# What this task involves
Up to and including the line with "Güzel genç sarışın", repeat every line of the listing exactly, beginning at the first.

************

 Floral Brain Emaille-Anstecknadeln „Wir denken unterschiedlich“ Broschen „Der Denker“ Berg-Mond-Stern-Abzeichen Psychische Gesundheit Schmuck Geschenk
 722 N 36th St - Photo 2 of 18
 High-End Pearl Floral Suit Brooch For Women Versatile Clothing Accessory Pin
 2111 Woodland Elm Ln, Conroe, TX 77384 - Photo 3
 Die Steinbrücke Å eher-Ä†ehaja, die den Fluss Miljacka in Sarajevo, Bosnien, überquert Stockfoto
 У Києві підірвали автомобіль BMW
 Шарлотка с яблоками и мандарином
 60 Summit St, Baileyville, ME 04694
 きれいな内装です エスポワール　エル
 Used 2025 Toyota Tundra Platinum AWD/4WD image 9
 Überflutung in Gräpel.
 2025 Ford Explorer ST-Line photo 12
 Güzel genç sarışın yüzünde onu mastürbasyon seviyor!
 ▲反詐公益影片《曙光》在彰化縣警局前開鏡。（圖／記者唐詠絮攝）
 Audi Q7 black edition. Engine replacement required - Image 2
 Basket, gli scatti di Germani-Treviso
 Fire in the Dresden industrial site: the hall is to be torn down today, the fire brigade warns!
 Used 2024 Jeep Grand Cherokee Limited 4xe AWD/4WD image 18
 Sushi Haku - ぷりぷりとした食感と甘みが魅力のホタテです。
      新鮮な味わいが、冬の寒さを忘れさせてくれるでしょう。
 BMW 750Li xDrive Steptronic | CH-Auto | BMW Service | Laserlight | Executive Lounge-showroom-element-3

************

# Result of the task
 Floral Brain Emaille-Anstecknadeln „Wir denken unterschiedlich“ Broschen „Der Denker“ Berg-Mond-Stern-Abzeichen Psychische Gesundheit Schmuck Geschenk
 722 N 36th St - Photo 2 of 18
 High-End Pearl Floral Suit Brooch For Women Versatile Clothing Accessory Pin
 2111 Woodland Elm Ln, Conroe, TX 77384 - Photo 3
 Die Steinbrücke Å eher-Ä†ehaja, die den Fluss Miljacka in Sarajevo, Bosnien, überquert Stockfoto
 У Києві підірвали автомобіль BMW
 Шарлотка с яблоками и мандарином
 60 Summit St, Baileyville, ME 04694
 きれいな内装です エスポワール　エル
 Used 2025 Toyota Tundra Platinum AWD/4WD image 9
 Überflutung in Gräpel.
 2025 Ford Explorer ST-Line photo 12
 Güzel genç sarışın yüzünde onu mastürbasyon seviyor!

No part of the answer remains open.